(Beginning of RECORDS)

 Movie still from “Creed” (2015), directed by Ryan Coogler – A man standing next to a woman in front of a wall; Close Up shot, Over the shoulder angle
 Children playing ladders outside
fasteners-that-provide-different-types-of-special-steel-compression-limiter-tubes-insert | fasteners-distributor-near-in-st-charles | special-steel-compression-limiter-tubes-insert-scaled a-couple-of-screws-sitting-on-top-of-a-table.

(End of RECORDS)
(Beginning of RECORDS)

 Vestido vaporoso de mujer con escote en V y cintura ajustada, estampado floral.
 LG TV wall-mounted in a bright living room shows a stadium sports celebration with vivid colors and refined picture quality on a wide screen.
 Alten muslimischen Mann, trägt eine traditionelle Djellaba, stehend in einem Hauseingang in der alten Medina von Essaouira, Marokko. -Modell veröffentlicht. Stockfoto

(End of RECORDS)

■ TASK TO COMPLETE
Which of the lines in the data contain the string "wall"? Return each one.

■ RESULT OF THIS TASK
 Movie still from “Creed” (2015), directed by Ryan Coogler – A man standing next to a woman in front of a wall; Close Up shot, Over the shoulder angle
 LG TV wall-mounted in a bright living room shows a stadium sports celebration with vivid colors and refined picture quality on a wide screen.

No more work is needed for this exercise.